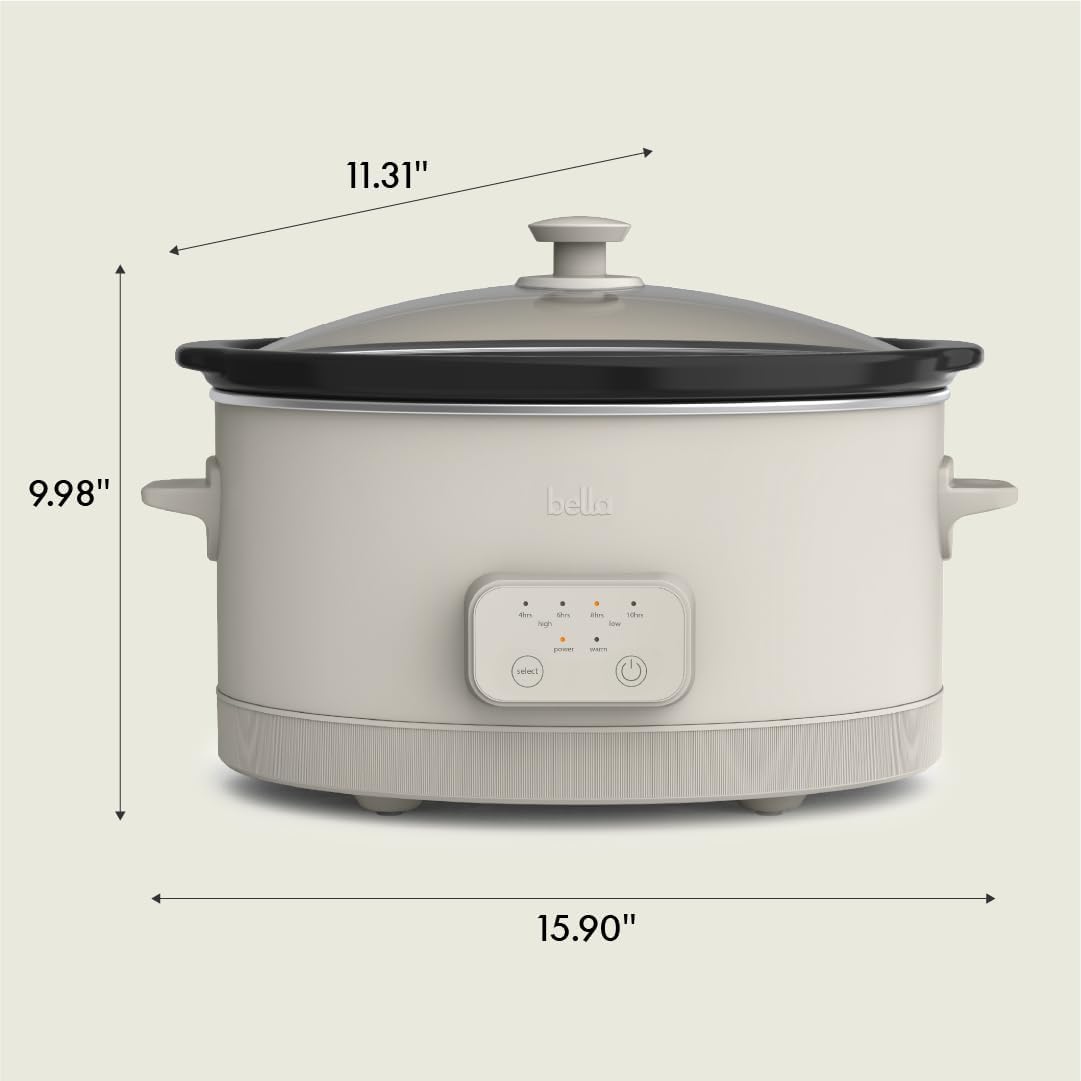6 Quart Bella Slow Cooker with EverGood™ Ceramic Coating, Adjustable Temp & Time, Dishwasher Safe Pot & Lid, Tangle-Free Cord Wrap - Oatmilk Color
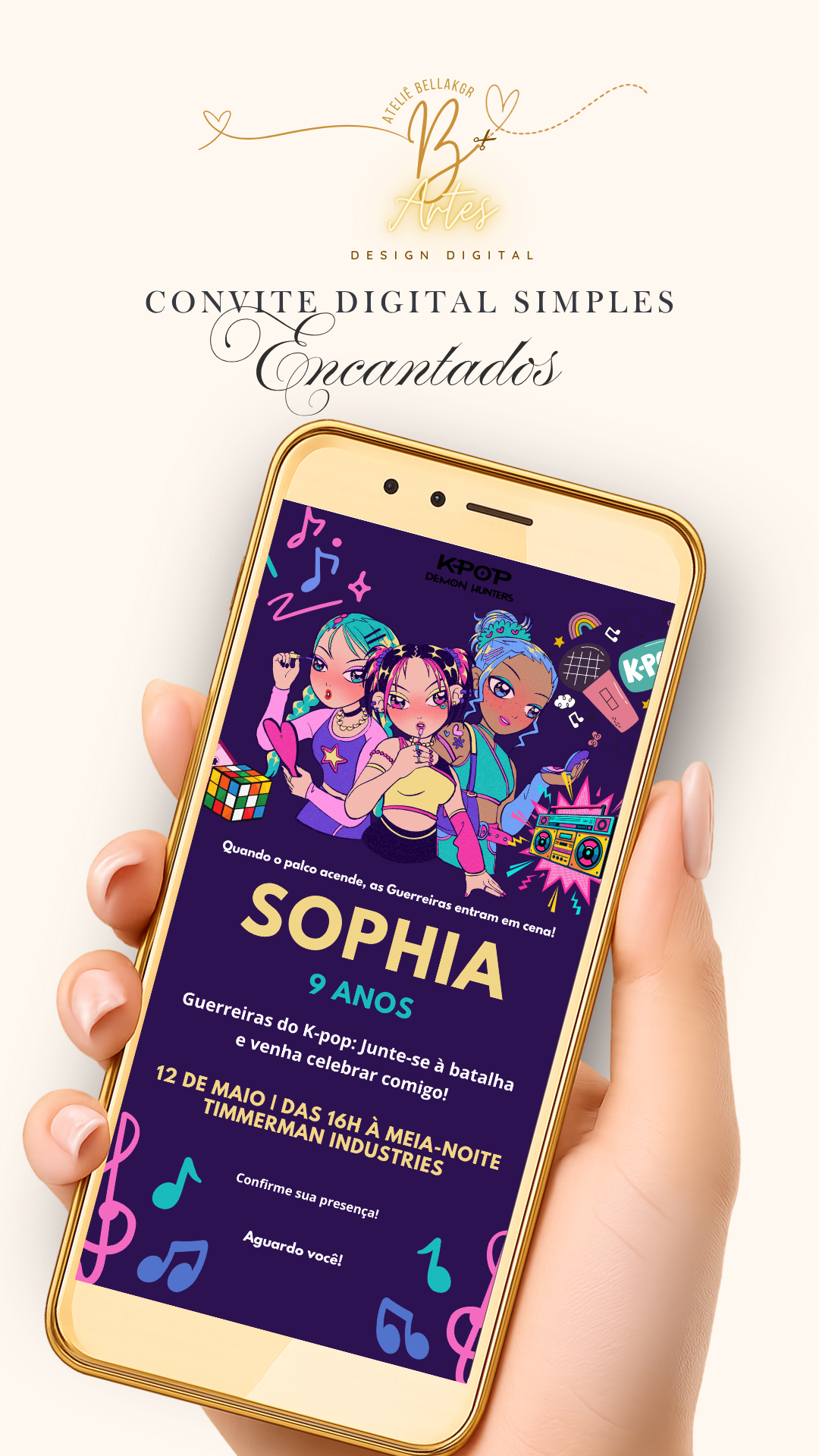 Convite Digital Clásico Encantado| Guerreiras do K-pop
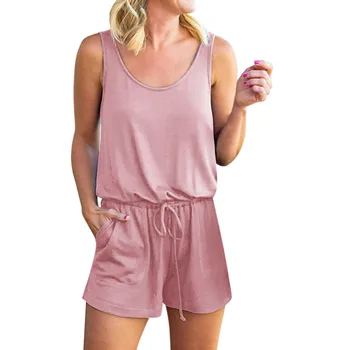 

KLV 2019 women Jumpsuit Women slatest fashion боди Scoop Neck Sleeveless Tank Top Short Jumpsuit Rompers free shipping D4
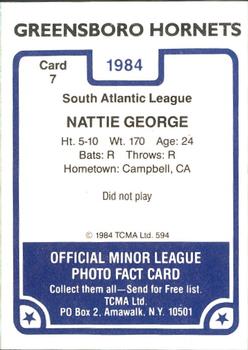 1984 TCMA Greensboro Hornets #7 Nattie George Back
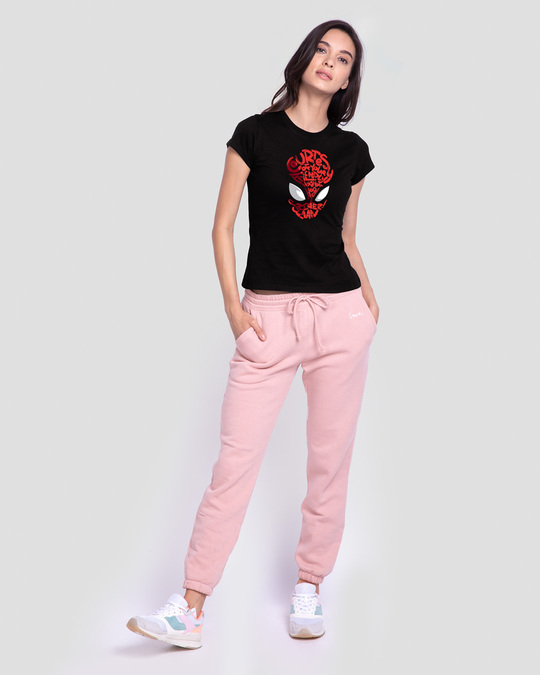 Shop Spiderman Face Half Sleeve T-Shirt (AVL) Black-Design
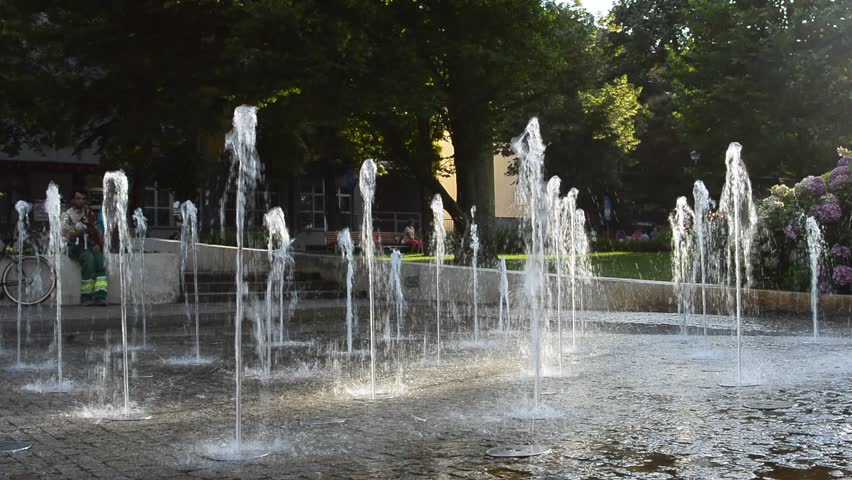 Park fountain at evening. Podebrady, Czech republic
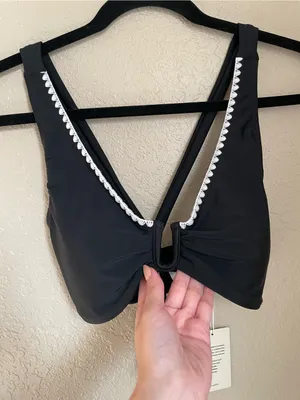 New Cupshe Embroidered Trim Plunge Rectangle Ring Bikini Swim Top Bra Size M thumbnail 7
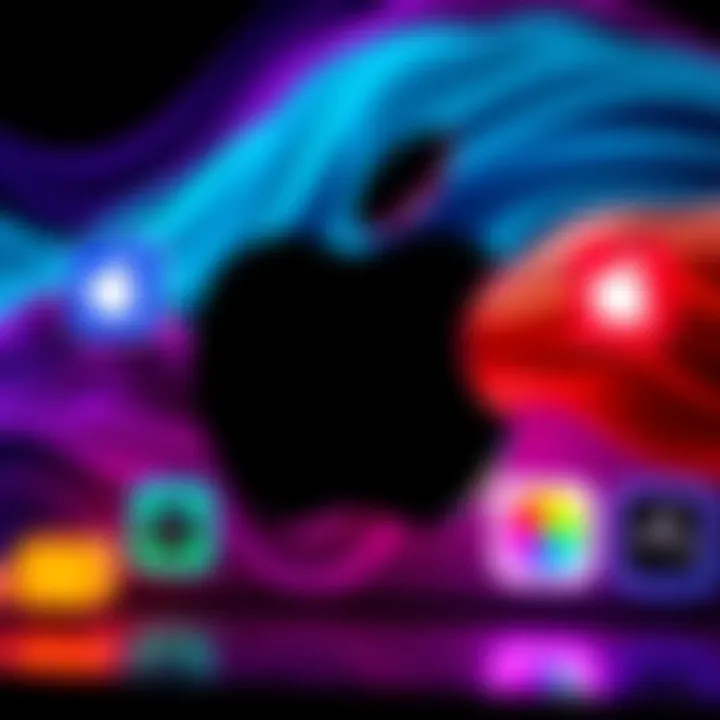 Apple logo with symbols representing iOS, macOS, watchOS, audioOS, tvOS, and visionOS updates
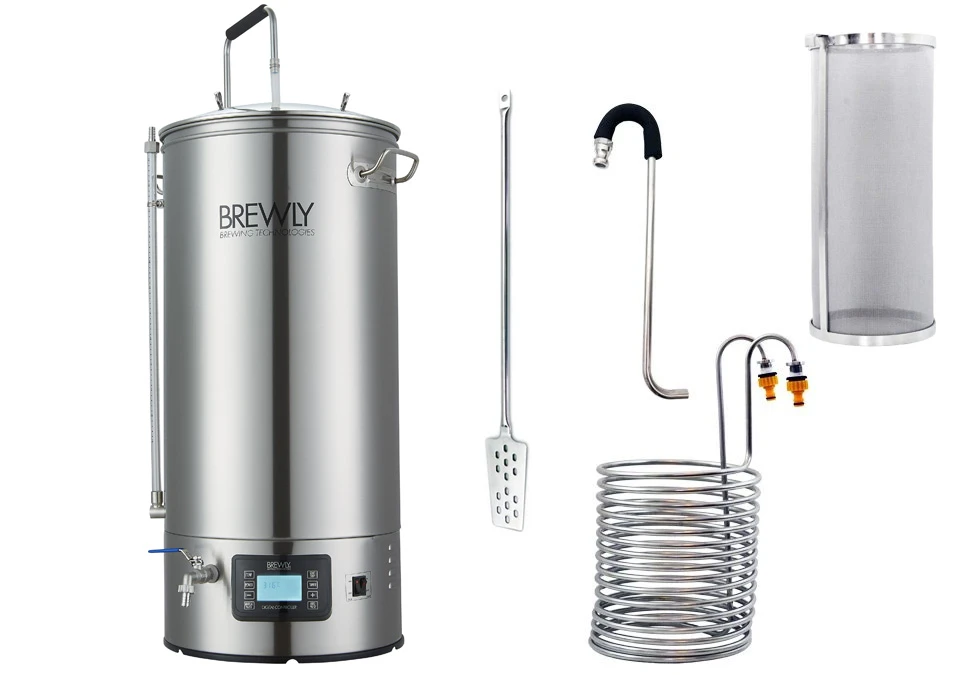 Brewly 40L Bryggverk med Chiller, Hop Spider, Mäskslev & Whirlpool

##########

• _PROBLEM STATEMENT_:
Each line above is to be copied verbatim. Drop any image from the copy.

• _RESULT OF THIS EXERCISE_:
6 Quart Bella Slow Cooker with EverGood™ Ceramic Coating, Adjustable Temp & Time, Dishwasher Safe Pot & Lid, Tangle-Free Cord Wrap - Oatmilk Color
 Convite Digital Clásico Encantado| Guerreiras do K-pop

KLV 2019 women Jumpsuit Women slatest fashion боди Scoop Neck Sleeveless Tank Top Short Jumpsuit Rompers free shipping D4
 1984 TCMA Greensboro Hornets #7 Nattie George Back
 Shop Spiderman Face Half Sleeve T-Shirt (AVL) Black-Design
 Park fountain at evening. Podebrady, Czech republic
 New Cupshe Embroidered Trim Plunge Rectangle Ring Bikini Swim Top Bra Size M thumbnail 7
 Apple logo with symbols representing iOS, macOS, watchOS, audioOS, tvOS, and visionOS updates
 Brewly 40L Bryggverk med Chiller, Hop Spider, Mäskslev & Whirlpool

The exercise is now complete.